- **Data to examine**:

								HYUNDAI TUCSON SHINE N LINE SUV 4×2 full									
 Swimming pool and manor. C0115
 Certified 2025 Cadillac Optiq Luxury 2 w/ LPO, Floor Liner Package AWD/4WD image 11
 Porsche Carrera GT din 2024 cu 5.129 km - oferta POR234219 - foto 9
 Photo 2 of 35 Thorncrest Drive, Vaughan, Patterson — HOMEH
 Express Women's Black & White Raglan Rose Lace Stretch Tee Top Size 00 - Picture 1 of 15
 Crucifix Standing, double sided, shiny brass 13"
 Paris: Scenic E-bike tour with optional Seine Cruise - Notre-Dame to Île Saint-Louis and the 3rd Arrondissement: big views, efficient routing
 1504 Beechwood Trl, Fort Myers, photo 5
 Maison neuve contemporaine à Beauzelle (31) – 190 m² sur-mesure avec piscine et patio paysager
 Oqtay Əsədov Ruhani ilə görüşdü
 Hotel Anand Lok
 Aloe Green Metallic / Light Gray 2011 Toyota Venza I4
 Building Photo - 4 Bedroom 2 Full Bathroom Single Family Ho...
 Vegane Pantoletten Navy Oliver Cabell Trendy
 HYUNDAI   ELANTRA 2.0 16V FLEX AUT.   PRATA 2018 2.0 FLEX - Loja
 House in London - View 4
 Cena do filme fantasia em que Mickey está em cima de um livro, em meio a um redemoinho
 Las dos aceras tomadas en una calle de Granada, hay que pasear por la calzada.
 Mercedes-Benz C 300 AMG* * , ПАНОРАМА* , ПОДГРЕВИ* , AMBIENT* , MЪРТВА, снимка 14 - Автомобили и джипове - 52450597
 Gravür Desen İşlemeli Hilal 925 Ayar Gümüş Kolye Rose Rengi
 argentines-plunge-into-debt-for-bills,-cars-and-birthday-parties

- **Task brief**: Everything from the line holding "Mercedes-Benz C 300" through the last line of the entries should be retyped exactly, with no other lines.

- **Exercise result**:
 Mercedes-Benz C 300 AMG* * , ПАНОРАМА* , ПОДГРЕВИ* , AMBIENT* , MЪРТВА, снимка 14 - Автомобили и джипове - 52450597
 Gravür Desen İşlemeli Hilal 925 Ayar Gümüş Kolye Rose Rengi
 argentines-plunge-into-debt-for-bills,-cars-and-birthday-parties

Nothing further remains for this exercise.